This is a random array, the repeating could easily start at index 365 and not necessarily from the first index.
Any ideas?
Thanks in advance
This does what you're looking for...
const arr1 = [1, 5, 7, 5, 13, 8, 1, 7, 3, 8, 5, 2, 1, 5, 7];
const arr2 = [1, 5, 7, 5, 13, 8, 1, 7, 3, 8, 5, 2, 1, 4, 7];
function patternFound(arr) {
var newArray = arr.map(function(o, i) {
if (i < arr.length - 1) {
return arr[i] + "|" + arr[i + 1];
}
})
.sort();
newArray = newArray.filter(function(o, i) {
if (i < arr.length - 1) {
return (o == newArray[i + 1]);
}
});
return newArray.length > 0;
}
console.log(patternFound(arr1));
console.log(patternFound(arr2));
Basically, it creates an array of paired elements from the first array, with a pipe delimiter (["1|5", "5|7", "7|5" etc.]), sorts it and then looks for duplicates by comparing each element to the next.
There's probably a much smaller way of doing this, but I didn't want to spend time making something that was unreadable.
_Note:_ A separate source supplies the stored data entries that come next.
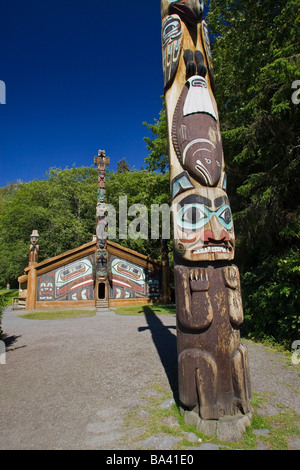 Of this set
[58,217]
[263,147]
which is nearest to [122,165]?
[58,217]

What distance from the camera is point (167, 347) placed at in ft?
20.1

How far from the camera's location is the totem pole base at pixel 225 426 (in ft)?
8.78

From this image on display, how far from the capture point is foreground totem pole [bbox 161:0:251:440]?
2838 mm

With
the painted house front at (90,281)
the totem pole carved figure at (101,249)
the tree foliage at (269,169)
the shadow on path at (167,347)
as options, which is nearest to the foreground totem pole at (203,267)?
the shadow on path at (167,347)

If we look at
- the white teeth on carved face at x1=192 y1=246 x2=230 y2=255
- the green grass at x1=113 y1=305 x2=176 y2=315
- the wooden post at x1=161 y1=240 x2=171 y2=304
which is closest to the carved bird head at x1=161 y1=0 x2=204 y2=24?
the white teeth on carved face at x1=192 y1=246 x2=230 y2=255

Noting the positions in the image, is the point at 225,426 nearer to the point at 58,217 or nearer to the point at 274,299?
the point at 274,299

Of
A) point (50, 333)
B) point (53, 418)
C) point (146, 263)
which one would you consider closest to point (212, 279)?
point (53, 418)

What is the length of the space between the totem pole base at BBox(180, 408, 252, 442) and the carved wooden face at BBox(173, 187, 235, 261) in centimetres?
164

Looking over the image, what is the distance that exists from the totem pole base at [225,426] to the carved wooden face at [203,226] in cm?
164

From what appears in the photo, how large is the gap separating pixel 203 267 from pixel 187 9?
3995 mm

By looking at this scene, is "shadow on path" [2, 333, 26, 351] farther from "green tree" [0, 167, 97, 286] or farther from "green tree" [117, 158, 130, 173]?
"green tree" [117, 158, 130, 173]

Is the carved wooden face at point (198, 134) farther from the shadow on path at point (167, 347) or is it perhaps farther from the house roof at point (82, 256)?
the house roof at point (82, 256) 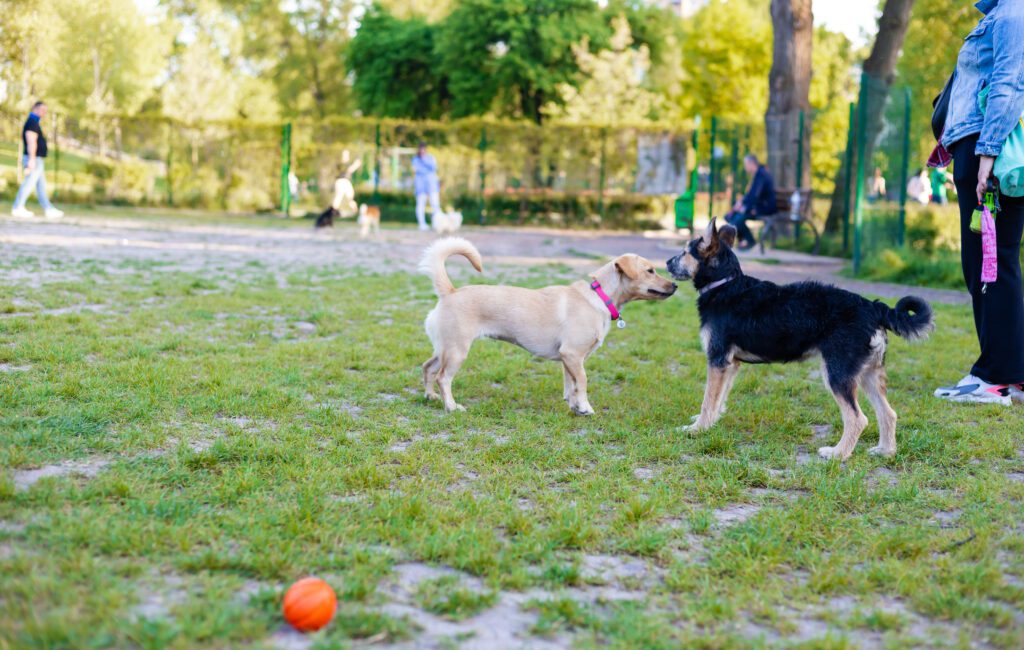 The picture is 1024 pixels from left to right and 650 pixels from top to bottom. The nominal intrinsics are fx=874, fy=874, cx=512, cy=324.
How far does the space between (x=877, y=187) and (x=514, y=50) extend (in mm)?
30175

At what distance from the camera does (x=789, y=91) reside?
1927 centimetres

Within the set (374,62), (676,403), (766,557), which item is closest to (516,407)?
(676,403)

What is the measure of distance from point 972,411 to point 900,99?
10412mm

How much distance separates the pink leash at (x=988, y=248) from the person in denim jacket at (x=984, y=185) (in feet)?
0.49

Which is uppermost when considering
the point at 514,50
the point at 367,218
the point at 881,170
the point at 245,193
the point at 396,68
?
the point at 396,68

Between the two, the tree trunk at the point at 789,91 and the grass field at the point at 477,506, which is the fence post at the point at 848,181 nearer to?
the tree trunk at the point at 789,91

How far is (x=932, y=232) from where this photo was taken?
14781 mm

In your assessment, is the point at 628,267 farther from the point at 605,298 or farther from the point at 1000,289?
the point at 1000,289

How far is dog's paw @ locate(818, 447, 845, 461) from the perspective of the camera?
4.76 meters

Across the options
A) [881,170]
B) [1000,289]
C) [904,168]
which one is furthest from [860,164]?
[1000,289]

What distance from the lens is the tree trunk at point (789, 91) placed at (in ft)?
61.4

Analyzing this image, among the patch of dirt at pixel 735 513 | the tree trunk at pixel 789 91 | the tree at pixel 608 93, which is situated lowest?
the patch of dirt at pixel 735 513

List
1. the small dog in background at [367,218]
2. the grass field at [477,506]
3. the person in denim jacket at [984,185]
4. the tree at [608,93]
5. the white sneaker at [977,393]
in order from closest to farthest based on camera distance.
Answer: the grass field at [477,506], the person in denim jacket at [984,185], the white sneaker at [977,393], the small dog in background at [367,218], the tree at [608,93]

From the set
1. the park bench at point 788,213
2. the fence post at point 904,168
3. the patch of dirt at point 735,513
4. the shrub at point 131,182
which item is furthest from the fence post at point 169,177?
the patch of dirt at point 735,513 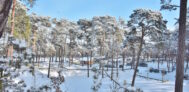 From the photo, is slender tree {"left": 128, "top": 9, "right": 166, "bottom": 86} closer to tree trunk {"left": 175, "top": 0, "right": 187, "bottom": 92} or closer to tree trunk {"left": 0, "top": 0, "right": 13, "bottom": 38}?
tree trunk {"left": 175, "top": 0, "right": 187, "bottom": 92}

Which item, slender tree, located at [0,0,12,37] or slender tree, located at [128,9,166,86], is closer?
slender tree, located at [0,0,12,37]

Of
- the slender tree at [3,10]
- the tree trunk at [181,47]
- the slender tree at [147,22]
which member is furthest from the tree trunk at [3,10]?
the slender tree at [147,22]

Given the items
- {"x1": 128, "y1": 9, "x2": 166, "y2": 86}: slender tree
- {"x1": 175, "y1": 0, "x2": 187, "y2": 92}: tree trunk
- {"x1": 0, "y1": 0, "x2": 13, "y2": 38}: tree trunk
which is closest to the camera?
{"x1": 0, "y1": 0, "x2": 13, "y2": 38}: tree trunk

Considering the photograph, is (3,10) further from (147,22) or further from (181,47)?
(147,22)

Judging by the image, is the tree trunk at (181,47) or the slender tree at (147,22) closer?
the tree trunk at (181,47)

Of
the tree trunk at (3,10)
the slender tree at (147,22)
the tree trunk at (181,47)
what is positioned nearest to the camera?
the tree trunk at (3,10)

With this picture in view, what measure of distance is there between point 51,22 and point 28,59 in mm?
31219

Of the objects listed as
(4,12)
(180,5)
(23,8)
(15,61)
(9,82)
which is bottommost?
(9,82)

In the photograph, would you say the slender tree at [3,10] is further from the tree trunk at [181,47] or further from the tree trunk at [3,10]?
the tree trunk at [181,47]

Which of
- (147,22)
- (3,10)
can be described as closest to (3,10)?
(3,10)

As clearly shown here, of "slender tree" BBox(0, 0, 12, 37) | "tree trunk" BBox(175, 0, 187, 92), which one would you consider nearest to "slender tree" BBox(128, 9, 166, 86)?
"tree trunk" BBox(175, 0, 187, 92)

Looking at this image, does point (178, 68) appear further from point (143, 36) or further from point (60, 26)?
point (60, 26)

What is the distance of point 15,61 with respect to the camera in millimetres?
4156

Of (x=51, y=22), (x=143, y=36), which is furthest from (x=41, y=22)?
(x=143, y=36) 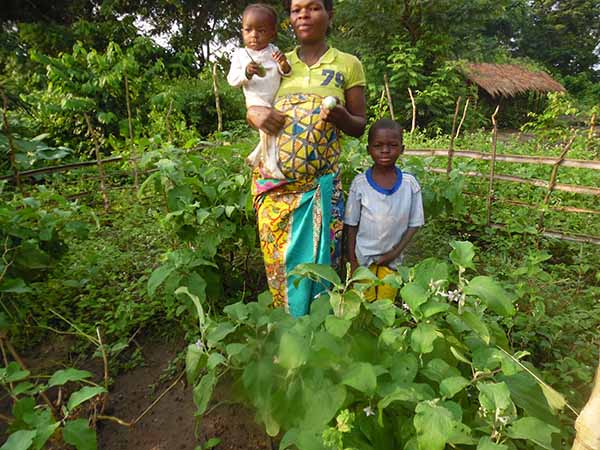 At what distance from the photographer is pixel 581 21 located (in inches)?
957

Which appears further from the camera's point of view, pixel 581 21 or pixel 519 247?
pixel 581 21

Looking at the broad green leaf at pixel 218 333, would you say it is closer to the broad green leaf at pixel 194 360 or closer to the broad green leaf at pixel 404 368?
the broad green leaf at pixel 194 360

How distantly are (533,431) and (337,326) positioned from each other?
1.53 feet

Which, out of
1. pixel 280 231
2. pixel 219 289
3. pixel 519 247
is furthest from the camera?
pixel 519 247

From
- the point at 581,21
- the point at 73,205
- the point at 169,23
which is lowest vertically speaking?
the point at 73,205

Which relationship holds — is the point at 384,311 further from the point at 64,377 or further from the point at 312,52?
the point at 312,52

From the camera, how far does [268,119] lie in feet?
5.61

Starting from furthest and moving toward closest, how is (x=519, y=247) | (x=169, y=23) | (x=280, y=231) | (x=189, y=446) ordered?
1. (x=169, y=23)
2. (x=519, y=247)
3. (x=280, y=231)
4. (x=189, y=446)

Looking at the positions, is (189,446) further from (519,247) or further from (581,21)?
(581,21)

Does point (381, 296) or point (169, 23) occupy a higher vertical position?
point (169, 23)

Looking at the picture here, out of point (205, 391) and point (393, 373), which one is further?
point (205, 391)

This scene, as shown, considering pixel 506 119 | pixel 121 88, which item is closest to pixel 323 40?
pixel 121 88

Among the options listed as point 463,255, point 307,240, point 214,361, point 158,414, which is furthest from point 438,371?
point 158,414

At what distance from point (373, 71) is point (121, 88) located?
7.01m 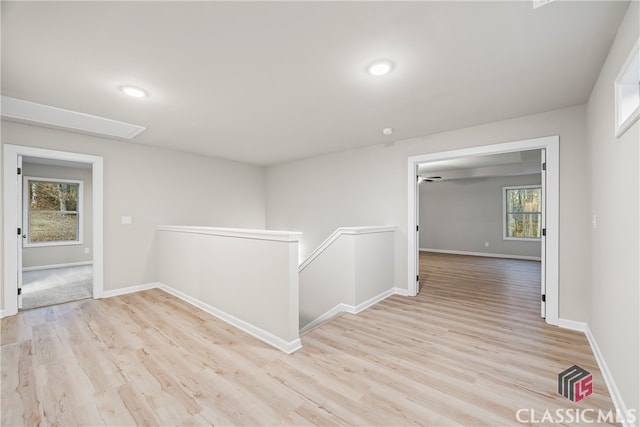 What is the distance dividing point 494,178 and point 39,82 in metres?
9.25

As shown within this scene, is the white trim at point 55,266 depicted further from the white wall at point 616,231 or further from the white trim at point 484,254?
the white trim at point 484,254

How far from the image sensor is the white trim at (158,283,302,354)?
7.83 feet

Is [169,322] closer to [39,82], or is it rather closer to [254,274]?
[254,274]

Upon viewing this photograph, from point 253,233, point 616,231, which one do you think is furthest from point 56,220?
point 616,231

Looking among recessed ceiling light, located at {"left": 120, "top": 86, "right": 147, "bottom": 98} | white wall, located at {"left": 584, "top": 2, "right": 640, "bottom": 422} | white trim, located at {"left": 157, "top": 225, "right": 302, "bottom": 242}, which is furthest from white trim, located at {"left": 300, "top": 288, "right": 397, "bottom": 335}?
recessed ceiling light, located at {"left": 120, "top": 86, "right": 147, "bottom": 98}

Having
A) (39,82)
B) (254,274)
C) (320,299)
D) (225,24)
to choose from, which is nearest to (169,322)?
(254,274)

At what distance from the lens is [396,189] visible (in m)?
4.12

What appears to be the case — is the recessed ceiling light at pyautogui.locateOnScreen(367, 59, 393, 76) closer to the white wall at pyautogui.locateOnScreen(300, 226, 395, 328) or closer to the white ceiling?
the white ceiling

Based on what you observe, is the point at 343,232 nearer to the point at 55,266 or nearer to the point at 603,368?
the point at 603,368

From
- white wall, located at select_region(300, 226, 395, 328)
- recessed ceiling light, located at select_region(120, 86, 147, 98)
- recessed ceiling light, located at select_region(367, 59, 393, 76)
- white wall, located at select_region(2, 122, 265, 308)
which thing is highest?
recessed ceiling light, located at select_region(120, 86, 147, 98)

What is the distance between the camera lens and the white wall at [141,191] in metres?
3.73

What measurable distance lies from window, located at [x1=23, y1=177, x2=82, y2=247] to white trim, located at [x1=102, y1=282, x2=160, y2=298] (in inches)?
139

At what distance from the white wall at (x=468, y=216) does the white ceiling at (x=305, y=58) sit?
559 cm

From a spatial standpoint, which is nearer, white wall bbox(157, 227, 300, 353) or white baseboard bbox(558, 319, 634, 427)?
white baseboard bbox(558, 319, 634, 427) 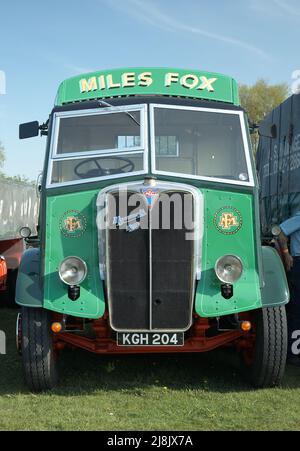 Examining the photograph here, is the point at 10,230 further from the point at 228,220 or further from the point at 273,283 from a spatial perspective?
the point at 273,283

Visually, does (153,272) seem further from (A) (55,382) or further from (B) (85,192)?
(A) (55,382)

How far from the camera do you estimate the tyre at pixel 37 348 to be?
196 inches

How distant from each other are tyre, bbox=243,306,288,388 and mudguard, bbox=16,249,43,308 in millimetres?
1822

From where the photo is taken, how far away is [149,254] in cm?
489

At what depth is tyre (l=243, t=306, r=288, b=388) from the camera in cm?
504

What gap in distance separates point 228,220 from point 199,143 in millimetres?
859

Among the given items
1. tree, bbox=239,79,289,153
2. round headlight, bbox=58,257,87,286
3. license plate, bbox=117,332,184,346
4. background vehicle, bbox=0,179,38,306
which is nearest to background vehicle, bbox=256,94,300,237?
license plate, bbox=117,332,184,346

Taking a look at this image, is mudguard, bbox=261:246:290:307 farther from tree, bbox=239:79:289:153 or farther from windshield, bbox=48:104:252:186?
tree, bbox=239:79:289:153

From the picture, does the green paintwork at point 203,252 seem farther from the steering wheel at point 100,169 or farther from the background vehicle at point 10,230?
the background vehicle at point 10,230

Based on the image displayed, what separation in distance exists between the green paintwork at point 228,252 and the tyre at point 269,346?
0.83ft

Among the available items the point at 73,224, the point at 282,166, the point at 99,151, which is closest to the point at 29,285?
the point at 73,224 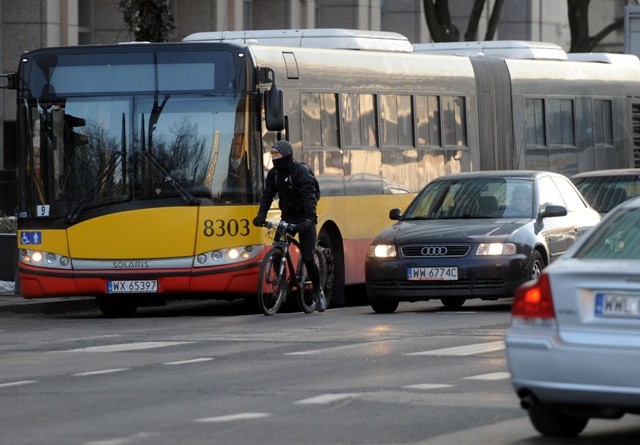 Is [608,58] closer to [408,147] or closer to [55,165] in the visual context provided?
[408,147]

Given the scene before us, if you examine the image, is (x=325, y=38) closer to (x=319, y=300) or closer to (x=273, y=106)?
(x=273, y=106)

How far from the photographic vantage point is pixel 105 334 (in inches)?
705

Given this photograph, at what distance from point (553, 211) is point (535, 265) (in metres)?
0.64

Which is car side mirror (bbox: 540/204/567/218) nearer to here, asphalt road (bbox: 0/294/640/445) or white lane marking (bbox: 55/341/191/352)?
asphalt road (bbox: 0/294/640/445)

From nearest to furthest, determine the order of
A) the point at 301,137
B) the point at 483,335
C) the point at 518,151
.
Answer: the point at 483,335, the point at 301,137, the point at 518,151

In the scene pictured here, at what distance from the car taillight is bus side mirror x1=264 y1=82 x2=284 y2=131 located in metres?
10.6

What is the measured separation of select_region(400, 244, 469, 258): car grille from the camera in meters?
20.0

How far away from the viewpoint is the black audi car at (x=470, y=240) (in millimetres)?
19953

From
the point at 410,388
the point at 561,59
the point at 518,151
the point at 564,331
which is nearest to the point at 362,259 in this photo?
the point at 518,151

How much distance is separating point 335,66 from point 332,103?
1.58 feet

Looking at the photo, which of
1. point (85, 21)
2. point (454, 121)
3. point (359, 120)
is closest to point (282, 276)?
point (359, 120)

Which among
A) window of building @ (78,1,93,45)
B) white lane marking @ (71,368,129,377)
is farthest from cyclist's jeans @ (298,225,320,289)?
window of building @ (78,1,93,45)

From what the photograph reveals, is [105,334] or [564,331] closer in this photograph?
[564,331]

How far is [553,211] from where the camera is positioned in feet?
67.6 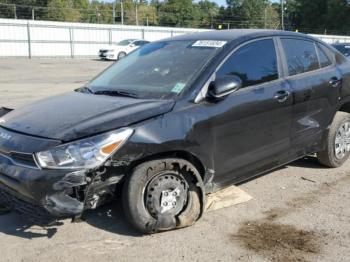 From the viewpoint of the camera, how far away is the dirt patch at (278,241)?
3891 mm

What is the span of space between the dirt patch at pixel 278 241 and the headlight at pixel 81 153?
135 cm

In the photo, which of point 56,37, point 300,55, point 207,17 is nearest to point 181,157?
point 300,55

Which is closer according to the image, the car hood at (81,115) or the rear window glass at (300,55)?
the car hood at (81,115)

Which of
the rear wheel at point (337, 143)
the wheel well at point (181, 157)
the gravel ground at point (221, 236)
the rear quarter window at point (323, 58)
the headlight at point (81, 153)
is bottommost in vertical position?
the gravel ground at point (221, 236)

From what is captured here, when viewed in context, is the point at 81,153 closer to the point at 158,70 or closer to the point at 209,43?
the point at 158,70

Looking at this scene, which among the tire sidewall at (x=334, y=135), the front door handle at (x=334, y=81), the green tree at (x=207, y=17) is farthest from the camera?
the green tree at (x=207, y=17)

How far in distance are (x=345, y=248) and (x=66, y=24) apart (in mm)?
37808

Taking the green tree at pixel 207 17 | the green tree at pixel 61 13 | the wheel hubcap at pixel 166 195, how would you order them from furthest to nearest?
the green tree at pixel 207 17
the green tree at pixel 61 13
the wheel hubcap at pixel 166 195

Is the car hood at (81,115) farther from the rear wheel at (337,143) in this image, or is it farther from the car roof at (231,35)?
the rear wheel at (337,143)

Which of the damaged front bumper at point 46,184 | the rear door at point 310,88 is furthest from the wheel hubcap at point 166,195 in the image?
the rear door at point 310,88

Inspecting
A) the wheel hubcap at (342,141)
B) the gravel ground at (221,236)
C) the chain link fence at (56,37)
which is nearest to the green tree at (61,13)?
the chain link fence at (56,37)

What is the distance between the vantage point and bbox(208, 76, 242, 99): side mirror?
4.34m

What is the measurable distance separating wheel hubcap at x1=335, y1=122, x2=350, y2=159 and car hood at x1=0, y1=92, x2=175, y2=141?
278 cm

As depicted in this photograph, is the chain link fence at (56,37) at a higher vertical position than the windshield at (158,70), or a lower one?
lower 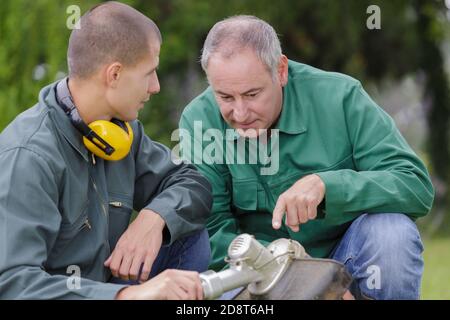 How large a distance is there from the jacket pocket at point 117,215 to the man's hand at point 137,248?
96 mm

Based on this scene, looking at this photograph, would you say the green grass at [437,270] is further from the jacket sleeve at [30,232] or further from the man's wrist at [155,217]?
the jacket sleeve at [30,232]

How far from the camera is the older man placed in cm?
315

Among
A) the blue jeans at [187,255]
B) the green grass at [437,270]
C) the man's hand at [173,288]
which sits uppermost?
the man's hand at [173,288]

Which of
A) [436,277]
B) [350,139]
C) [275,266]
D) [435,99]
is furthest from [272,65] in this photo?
[435,99]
This does what you want and does it simply and clearly.
The first array is the one you supplied, and the second has been changed so there's no matching pattern.
You could use a single loop approach with short circuit and a hash table for found pairs like
{
"1|5": true,
"5|7": true,
"7|5": true,
"5|13": true,
"13|8": true,
"8|1": true,
"1|7": true,
"7|3": true,
"3|8": true,
"8|5": true,
"5|2": true,
"2|1": true
}
The iteration stops immediately on index 12 with the other found pair 1|5.
function check(array) {
var hash = Object.create(null);
return array.some(function (v, i, a) {
var pair = [v, a[i + 1]].join('|');
return hash[pair] || !(hash[pair] = true);
});
}
console.log(check([1, 5, 7, 5, 13, 8, 1, 7, 3, 8, 5, 2, 1, 5, 7])); // true
console.log(check([1, 5, 7, 5, 13, 8, 1, 7, 3, 8, 5, 2, 1, 3, 7])); // false
A nested loop seems the simplest approach.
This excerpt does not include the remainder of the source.